Se há cinco anos um boêmio porto-alegrense previsse que alguns dos bares mais interessantes da cena cultural e gastronômica da Capital estariam a poucos metros da Avenida Voluntários da Pátria, é provável que o aconselhassem a parar com a bebida por aquela noite. Por motivos que vão das novas tecnologias até a coragem dos empreendedores de arriscar bares fora dos padrões, foi justamente o que aconteceu com os estabelecimentos do 4º Distrito, região que perpassa os bairros Farrapos, Floresta, Humaitá, Navegantes e São Geraldo.
Hoje, estabelecimentos de diferentes perfis irradiam principalmente pelas transversais da Avenida São Pedro atraindo desde o público universitário alternativo – habitués da Cidade Baixa e do Bom Fim – até os mais maduros e engomadinhos, tradicionalmente mais chegados ao eixo Moinhos de Vento-Auxiliadora. GaúchaZH conversou com proprietários e frequentadores de bares da região para entender o segredo do sucesso. Chegou a seis itens, que se interrelacionam e se completam, e a um problema ainda presente.
1. Revolução dos apps
É unanimidade entre os empresários que a boemia naquele local seria impossível sem a popularização do transporte por aplicativo, a partir do final de 2015. Não à toa, o fenômeno começa em 2016. As corridas guiadas por GPS propiciaram uma opção prática, segura e barata de chegar à região ainda fortemente estigmatizada após décadas de escuridão, abandono e prostituição de rua nos arredores da Avenida Farrapos, mesmo por motoristas que a desconheciam. Também fez as pessoas se darem conta do quanto o 4º Distrito está próximo.
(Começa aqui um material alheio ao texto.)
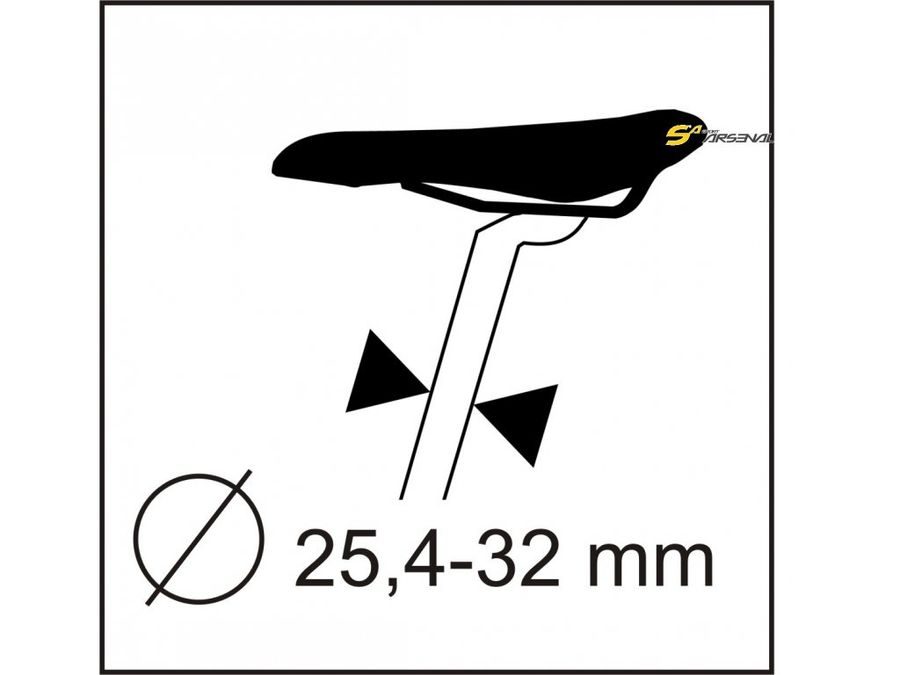 set Sport Arsenal 560 S2 nosič + brašna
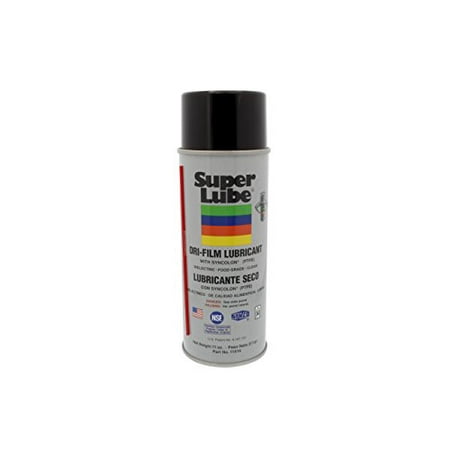 Super Lube 11016 Aerosol Can Dry Film Lubricant, 11 (Best Lube For Dry Vag)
– Não é surpreendente. É típico do porto-alegrense não conhecer a cidade além do bairro dele – opina Gabriel Salomão, um dos sócios do Gravador Pub, um dos bares pioneiros na região.
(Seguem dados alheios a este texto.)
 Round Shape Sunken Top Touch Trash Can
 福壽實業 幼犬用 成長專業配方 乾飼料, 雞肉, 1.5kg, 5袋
O próprio Gabriel faz mea-culpa. Publicitário workaholic e morador da Zona Sul, só descobriu o bairro ao abrir o bar. Eduardo Fontana fez os cálculos antes de inaugurar o Agulha, em 2017: são raros os bairros populosos a mais de R$ 10 de distância do seu bar. Portanto, não é tão mais caro ir para o São Geraldo do que ir ao Rio Branco, por exemplo, onde ele mantém outro estabelecimento, o Vasco 1020.
2. Imóveis baratos e diferentões
Embora a logística seja importante, o grande atrativo da região são os imóveis amplos e diferentes do que Porto Alegre está acostumada. A decoração industrial que muitos bares se esforçam para simular, nas casas da região ganham legitimidade em antigos galpões, fábricas e depósitos. É o caso do Distrito Brewpub, integrado aos tanques de cerveja, do Fuga, aberto em janeiro passado, e do 4Beer, união de duas cervejarias que desejavam ampliar atividades e operar como bar.
A casa onde estamos é de 1914. Me apaixonei à primeira-vista por ela e reformamos inteira. Não é como em outras regiões de Porto Alegre que, para decorar um bar, basta uma lata de tinta preta na fachada
GABRIEL SALOMÃO
Gravador Pub
– Onde mais a gente encontraria um local tão legal com 600 metros quadrados? Na Cidade Baixa, nem existe. Em outros bairros, o custo ficaria proibitivo – avalia Caio de Santi, sócio do 4Beer, um dos primeiros a fincar a bandeira na região, em 2016, na Rua Polônia.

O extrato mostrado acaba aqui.